Merging and splitting time and action steps from TF-agents

239 Views Asked by At

I am trying to use TF-agents in a simple multi-agent non-cooperative parallel game. To simplify, I have two agents, defined with TF-agents. I defined a custom gym environment that takes as input the combined actions of agents and return an observation. The agents' policies should not take the full observation as input, only part of it.
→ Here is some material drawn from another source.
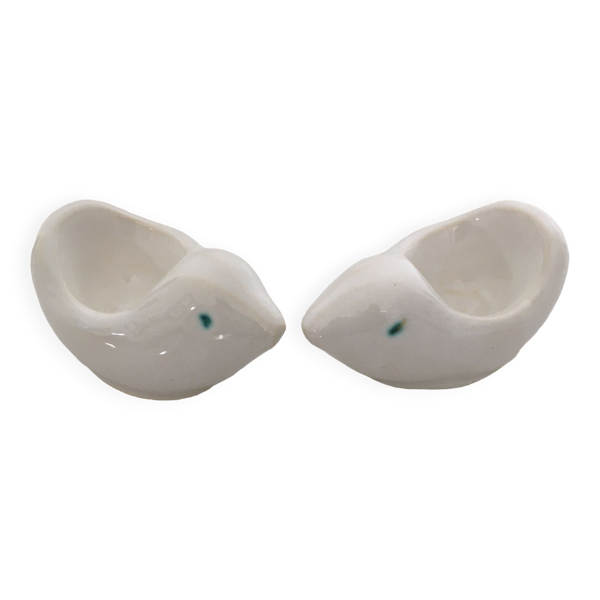Paire de coquetiers oiseaux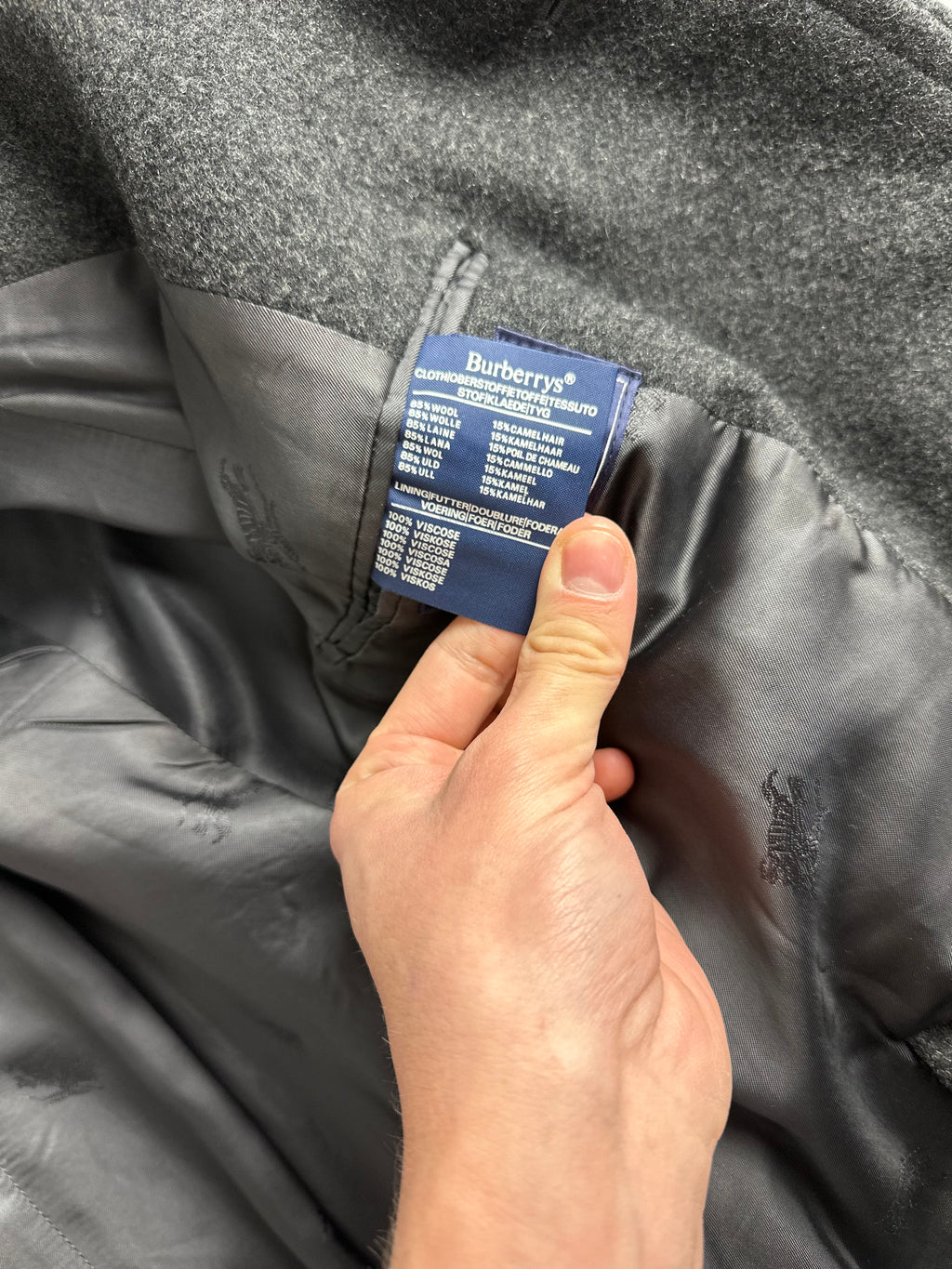 Burberrys Coat (46/S)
So I need to do two things:

  • Split the time_step instance returned by the TF-agents environment wrapper to feed to the agents' policies independently
  • Merge the action_step instances coming from the agents' policies to feed the environment.

If agent1_policy and agent2_policy are the two TF-agents policies and environment is a TF-agents environment, I would like to be able to do that to collect steps:

from tf_agents.trajectories import trajectory

time_step = environment.current_time_step()

# Split the time_step to have partial observability
time_step1, time_step2 = split(time_step)

# Get action from each agent
action_step1 = agent1_policy.action(time_step1)
action_step2 = agent2_policy.action(time_step2)

# Merge the independent actions
action_merged = merge(action_step1, action_step2)

# Use the merged actions to have the next step
next_time_step = environment.step(action_merged)

# Split the next step too
next_time_step1, next_time_step2 = split(next_time_step)

# Build two distinct trajectories
traj1 = trajectory.from_transition(time_step1, action_step1, next_time_step1)
traj2 = trajectory.from_transition(time_step2, action_step2, next_time_step2)

traj1 and traj2 are then added to buffers that are used to train the two agents.

How should I define the functions merge and split in this example?

1

There are 1 best solutions below

0
samarth.robo On

This can be done by defining the proper action_spec and observation_spec in the environment class. See this documentation for an example of producing an observation that is a dictionary of tensors. A similar approach can be used for accepting an action that is a dictionary or a tuple.